The task: In the material below, find the line with "Produktbild: The Harmonious" and the line with "Pages not found.", then output those two lines and every line between them, exactly.

Data for processing:
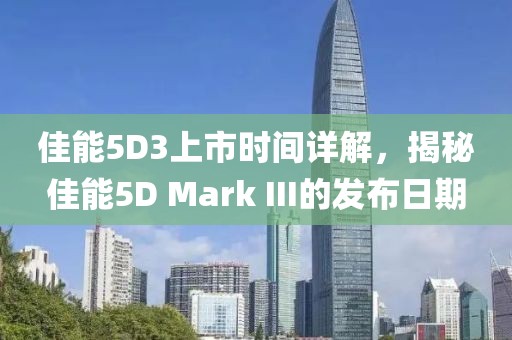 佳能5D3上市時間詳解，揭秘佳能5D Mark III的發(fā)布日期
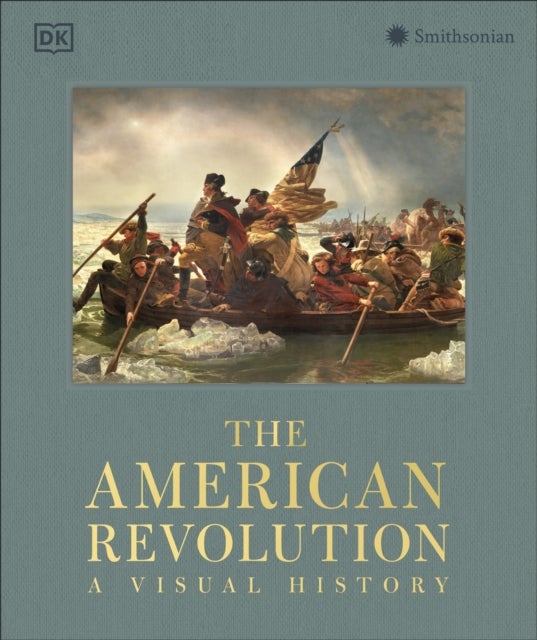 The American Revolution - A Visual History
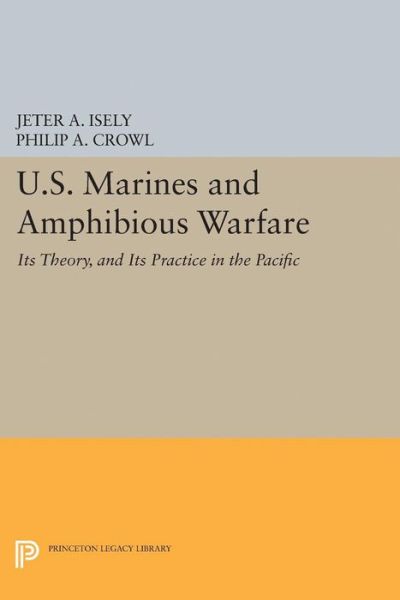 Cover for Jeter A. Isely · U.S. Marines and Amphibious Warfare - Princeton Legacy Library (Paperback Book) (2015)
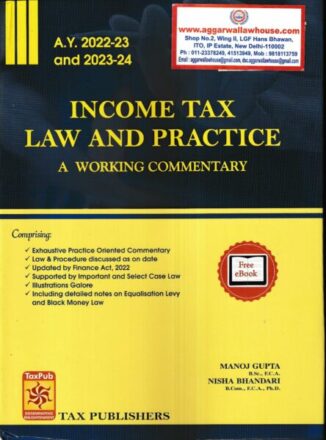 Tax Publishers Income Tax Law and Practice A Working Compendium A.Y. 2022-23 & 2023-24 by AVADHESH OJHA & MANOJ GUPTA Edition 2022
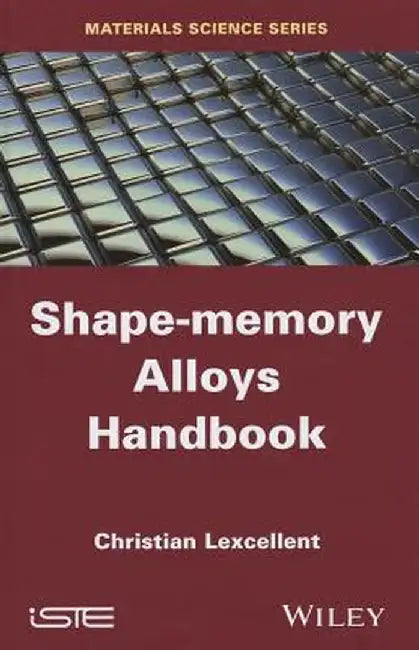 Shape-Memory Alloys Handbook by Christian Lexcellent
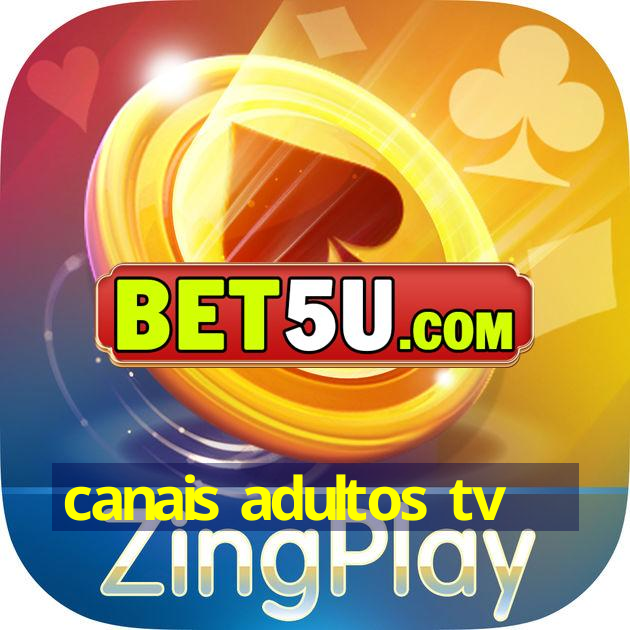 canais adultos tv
---
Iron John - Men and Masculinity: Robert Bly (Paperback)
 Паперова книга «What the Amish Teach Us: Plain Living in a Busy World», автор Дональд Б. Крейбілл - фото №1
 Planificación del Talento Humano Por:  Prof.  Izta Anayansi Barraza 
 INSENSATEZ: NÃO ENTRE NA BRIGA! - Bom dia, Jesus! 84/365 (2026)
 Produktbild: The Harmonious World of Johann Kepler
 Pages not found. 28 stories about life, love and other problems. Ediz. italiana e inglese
==
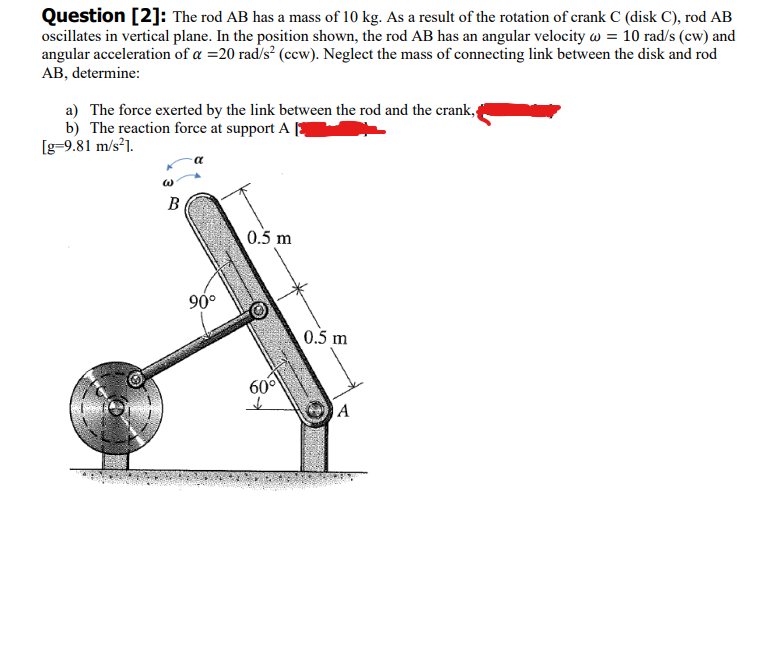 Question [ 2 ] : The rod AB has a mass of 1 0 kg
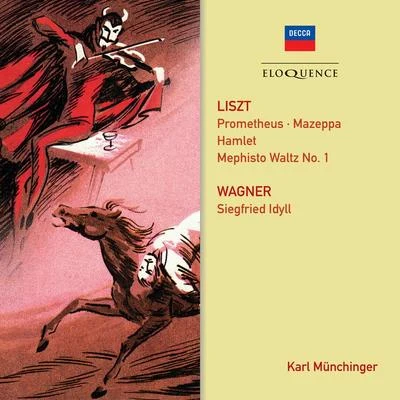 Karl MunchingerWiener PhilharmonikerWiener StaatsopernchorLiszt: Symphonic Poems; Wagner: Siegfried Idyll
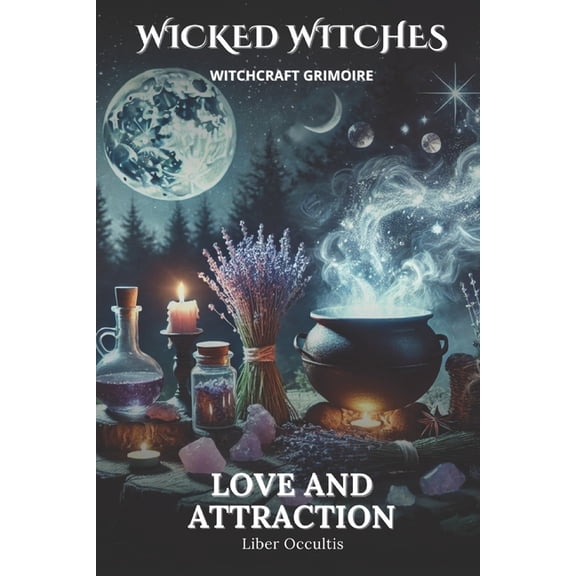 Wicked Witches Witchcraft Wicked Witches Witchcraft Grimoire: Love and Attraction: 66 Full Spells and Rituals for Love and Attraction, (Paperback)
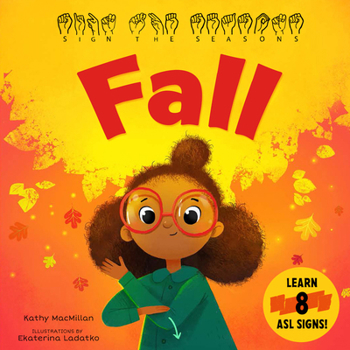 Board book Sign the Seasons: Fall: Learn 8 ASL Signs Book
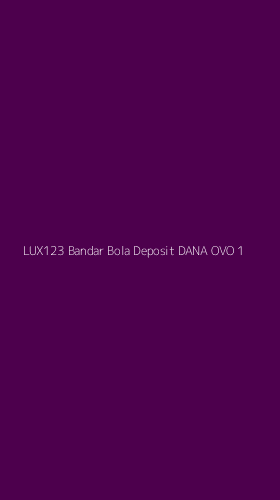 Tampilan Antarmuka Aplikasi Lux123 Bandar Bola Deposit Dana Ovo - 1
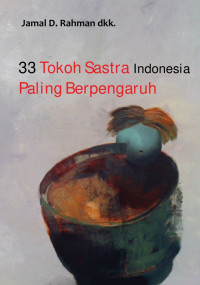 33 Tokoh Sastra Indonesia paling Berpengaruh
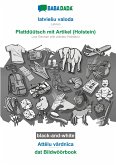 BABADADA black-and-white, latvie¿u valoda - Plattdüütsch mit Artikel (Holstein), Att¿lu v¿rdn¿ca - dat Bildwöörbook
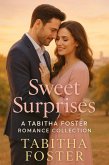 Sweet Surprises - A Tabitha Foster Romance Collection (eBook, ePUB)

Solution:
 Produktbild: The Harmonious World of Johann Kepler
 Pages not found. 28 stories about life, love and other problems. Ediz. italiana e inglese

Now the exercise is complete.